* [Assignment]: Gather all lines in the entries that include the word "shower".

Brief descriptive captions
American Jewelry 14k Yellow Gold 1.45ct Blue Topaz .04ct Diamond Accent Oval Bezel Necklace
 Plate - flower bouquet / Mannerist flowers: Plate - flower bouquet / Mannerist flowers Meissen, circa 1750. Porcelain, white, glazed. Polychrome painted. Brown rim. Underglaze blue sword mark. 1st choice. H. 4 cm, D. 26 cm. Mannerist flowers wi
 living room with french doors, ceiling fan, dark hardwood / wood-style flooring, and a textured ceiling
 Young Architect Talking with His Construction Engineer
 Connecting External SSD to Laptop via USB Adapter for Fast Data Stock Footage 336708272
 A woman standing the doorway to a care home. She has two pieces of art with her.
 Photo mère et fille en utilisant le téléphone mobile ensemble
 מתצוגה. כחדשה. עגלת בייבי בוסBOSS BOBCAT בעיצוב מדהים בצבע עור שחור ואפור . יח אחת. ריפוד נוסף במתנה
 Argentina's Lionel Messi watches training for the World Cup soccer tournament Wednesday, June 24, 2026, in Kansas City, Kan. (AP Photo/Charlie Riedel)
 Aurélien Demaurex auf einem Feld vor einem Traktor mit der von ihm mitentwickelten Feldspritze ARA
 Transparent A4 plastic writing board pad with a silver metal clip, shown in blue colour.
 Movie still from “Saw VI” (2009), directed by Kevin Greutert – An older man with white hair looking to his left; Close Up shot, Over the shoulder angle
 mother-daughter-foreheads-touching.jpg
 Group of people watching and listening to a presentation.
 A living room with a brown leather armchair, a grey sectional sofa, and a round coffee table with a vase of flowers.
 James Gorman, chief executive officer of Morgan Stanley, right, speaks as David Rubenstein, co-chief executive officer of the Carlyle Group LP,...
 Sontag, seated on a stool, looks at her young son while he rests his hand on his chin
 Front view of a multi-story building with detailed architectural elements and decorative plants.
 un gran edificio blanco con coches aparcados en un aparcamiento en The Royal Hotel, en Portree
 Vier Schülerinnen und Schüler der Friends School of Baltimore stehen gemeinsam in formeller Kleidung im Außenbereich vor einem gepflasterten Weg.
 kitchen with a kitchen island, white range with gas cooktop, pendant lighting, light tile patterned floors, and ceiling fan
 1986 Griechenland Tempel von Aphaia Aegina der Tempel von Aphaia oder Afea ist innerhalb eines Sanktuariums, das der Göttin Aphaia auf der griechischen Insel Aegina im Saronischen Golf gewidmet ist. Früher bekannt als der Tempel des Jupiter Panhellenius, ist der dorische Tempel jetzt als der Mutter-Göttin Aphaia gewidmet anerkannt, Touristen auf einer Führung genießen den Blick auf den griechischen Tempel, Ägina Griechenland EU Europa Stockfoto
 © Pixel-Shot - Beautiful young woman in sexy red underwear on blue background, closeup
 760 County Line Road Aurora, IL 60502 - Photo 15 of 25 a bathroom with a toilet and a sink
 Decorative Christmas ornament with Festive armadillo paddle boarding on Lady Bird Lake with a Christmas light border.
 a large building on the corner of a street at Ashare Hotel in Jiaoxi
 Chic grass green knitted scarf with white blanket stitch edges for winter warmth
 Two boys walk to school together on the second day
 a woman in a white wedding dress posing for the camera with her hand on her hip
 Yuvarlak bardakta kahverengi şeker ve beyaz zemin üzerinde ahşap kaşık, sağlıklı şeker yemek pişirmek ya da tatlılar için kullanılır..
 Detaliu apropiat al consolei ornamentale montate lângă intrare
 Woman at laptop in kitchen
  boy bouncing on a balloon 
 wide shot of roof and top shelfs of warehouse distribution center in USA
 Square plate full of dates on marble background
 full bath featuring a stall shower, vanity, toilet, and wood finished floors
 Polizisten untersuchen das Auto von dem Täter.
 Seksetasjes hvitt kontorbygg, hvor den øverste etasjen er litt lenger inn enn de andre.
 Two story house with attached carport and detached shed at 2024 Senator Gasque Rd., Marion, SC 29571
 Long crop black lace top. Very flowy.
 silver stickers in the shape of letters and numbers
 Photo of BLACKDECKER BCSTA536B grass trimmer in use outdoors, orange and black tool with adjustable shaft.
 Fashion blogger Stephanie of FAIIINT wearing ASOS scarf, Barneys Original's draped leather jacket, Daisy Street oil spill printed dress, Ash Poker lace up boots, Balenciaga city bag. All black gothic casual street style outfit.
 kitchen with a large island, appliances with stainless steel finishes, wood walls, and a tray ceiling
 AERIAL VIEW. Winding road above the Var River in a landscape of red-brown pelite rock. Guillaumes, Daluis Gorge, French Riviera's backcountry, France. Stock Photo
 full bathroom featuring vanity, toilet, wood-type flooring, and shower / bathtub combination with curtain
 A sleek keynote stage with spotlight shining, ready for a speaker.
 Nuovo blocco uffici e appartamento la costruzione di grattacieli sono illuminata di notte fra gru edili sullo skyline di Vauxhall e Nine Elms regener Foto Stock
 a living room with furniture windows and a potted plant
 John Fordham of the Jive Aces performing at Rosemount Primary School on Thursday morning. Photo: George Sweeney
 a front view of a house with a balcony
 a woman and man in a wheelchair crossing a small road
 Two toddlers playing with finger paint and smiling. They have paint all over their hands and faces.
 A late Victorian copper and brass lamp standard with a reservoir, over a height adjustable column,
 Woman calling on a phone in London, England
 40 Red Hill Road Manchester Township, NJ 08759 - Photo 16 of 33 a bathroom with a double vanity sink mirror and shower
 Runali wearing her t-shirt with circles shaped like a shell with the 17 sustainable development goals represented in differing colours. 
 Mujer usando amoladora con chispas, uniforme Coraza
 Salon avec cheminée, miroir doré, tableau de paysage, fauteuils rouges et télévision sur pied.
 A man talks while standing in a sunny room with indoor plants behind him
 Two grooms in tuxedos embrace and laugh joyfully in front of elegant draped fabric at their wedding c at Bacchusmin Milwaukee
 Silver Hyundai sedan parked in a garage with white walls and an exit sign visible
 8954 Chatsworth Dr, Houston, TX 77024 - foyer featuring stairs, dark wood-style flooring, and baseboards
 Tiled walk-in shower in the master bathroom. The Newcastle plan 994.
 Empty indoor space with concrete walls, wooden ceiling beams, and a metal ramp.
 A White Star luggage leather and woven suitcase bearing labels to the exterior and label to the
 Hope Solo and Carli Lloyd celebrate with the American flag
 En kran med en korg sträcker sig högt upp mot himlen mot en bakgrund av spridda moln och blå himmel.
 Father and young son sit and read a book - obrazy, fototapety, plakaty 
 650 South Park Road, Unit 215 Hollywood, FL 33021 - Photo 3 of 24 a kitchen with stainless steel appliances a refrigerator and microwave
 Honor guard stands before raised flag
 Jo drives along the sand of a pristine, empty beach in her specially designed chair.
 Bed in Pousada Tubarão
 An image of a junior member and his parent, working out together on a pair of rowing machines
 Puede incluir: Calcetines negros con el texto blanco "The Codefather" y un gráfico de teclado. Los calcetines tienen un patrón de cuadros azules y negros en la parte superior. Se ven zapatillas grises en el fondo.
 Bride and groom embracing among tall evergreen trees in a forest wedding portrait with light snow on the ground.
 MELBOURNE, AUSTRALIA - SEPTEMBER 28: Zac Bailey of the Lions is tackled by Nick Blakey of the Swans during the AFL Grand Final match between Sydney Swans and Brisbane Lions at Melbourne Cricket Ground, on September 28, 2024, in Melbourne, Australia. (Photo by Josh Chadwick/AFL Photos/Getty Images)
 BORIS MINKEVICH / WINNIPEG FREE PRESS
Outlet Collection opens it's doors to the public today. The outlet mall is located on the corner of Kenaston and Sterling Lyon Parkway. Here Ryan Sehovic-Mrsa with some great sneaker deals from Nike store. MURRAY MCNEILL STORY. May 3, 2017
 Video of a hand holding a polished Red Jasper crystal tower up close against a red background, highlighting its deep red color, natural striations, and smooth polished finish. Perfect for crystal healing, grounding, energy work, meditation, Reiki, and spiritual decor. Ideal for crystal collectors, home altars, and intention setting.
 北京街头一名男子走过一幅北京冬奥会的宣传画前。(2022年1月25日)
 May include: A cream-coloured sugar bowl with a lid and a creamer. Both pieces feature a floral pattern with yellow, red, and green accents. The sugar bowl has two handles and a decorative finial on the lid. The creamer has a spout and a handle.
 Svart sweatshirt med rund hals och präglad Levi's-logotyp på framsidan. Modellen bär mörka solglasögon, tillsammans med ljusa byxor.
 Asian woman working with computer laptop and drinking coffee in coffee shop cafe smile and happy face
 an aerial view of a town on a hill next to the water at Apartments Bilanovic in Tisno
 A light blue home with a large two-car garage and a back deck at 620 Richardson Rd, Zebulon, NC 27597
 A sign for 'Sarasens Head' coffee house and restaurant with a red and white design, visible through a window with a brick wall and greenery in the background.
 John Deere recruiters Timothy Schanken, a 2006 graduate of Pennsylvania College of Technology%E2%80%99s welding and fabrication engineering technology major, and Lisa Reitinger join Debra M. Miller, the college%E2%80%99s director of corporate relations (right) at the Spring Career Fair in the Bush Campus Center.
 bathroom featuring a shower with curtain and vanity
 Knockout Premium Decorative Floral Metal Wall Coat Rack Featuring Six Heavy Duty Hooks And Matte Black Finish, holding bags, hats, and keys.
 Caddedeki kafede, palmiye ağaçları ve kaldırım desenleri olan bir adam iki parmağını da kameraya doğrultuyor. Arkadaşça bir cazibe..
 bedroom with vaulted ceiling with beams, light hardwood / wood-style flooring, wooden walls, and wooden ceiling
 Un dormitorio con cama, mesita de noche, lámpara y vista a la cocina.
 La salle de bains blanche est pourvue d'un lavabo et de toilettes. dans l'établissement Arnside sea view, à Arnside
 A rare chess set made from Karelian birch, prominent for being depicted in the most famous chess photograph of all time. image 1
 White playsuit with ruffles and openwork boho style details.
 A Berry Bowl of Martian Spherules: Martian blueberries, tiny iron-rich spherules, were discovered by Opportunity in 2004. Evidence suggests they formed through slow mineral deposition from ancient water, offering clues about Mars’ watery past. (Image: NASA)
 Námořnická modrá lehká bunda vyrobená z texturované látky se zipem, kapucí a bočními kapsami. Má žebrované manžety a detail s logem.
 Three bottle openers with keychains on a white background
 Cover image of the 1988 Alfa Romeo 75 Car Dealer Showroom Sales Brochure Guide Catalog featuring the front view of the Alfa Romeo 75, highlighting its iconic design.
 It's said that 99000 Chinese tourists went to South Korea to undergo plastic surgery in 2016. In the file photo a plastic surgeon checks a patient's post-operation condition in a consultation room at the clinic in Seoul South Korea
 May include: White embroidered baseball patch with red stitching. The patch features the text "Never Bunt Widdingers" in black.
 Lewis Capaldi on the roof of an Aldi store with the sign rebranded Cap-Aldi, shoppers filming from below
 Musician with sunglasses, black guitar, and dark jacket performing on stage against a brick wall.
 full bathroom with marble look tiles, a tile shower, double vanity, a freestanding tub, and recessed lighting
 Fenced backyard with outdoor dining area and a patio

* [Response to this exercise]:
 full bath featuring a stall shower, vanity, toilet, and wood finished floors
 full bathroom featuring vanity, toilet, wood-type flooring, and shower / bathtub combination with curtain
 40 Red Hill Road Manchester Township, NJ 08759 - Photo 16 of 33 a bathroom with a double vanity sink mirror and shower
 Tiled walk-in shower in the master bathroom. The Newcastle plan 994.
 bathroom featuring a shower with curtain and vanity
 full bathroom with marble look tiles, a tile shower, double vanity, a freestanding tub, and recessed lighting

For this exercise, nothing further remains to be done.